I completely understand where you're coming from. Do you have your son in therapy? You may want to research Asperger's Syndrome. We have a friend who recently had their child diagnosed. They are often obsessed with one thing, and will not let it go. ADD/ADHD symptoms are often very similar. Also, to help him sleep, a low dose Melatonin can be helpful. We have an ADHD child who has never been able to sleep. I pray you and your son find peace.
I am also a parent and a teacher. I think that the diagnosis of ADHD for most children is often inaccurate. Forcing your child to take medications that have such side effects as you described is sickening. This is for all of you in this forum who are advocates for drugging up your innocent children: GET YOUR CHILDREN OFF THE DRUGS!!!!!! No wonder your child worries so much, he probably has gotten the message already that people think that there is something "wrong" with him. Children are not simply born with undesirable behaviors, they learn them. Take a long look in the mirror my friend.

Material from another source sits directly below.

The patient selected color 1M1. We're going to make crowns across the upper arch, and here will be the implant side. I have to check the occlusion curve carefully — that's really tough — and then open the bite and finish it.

I have dealt with numerous parents who think it is their child who has the problem. These little clones of us need to have their feelings validated just as much as we do as adults. Which means we may do so much explaining, we think they may tire of it,(when really it is we that tire of it) but guess what, they don't. In fact, it makes them more curioius. This is a good thing and does not require any medication to correct. You may not realize this, but these are the best years of your life, years that will vanish sooner than you can possibly imagine. You're going to miss this. My advice, take it easy, stop worrying, take your child to Disneyland, and just enjoy the little things in life. Your child will pick up on these positive behaviors and attitudes and begin to display them himself. I am often asked why children display negative behaviors in the first place and my answer is and will always be the same: " I blame the parents".
Lets not pretend here that you have actually lived for 24 hours a day in the homes of these "saints" as you refer to them. Some children struggle more than others, this is evident in the teaching profession. My point is that there is a difference from a child with a medical condition that requires medication, and one who comes from a home where good examples were not instilled in them, and that child is now acting out because of it. There is also a difference between a parent who has a child with ADHD who requires some type of therapy or medication, and one who is grasping at straws in order to "label" their child's behavior and justify "fixing" the behavior with medication Your job as a teacher is to educate, period. Sometimes however, it is the parents who also need educating.
Children are resiliant. If he is not doing well with the aderall change it try something else. my son is on a patch, daytrana, 20mg. He is such an angel on it. we tried folcalin first and he didn't like breaking the capsule and swallowing it in yogurt or applesauce. so we did the patch. on the weekends we only give him half, it's just enough to calm him and have a good day. but when he's not on it, his attitude and demeanor is nerve racking. I try to understand that he can not control it but it is very hard to deal with. all i can recommend is talk to your dr. about different meds. believe me i wouldn't give him anything if he didn't need it. his grades are all a's and b's on it, before it was d's f's and suspension from kindergarden. he is now 8 going on 9.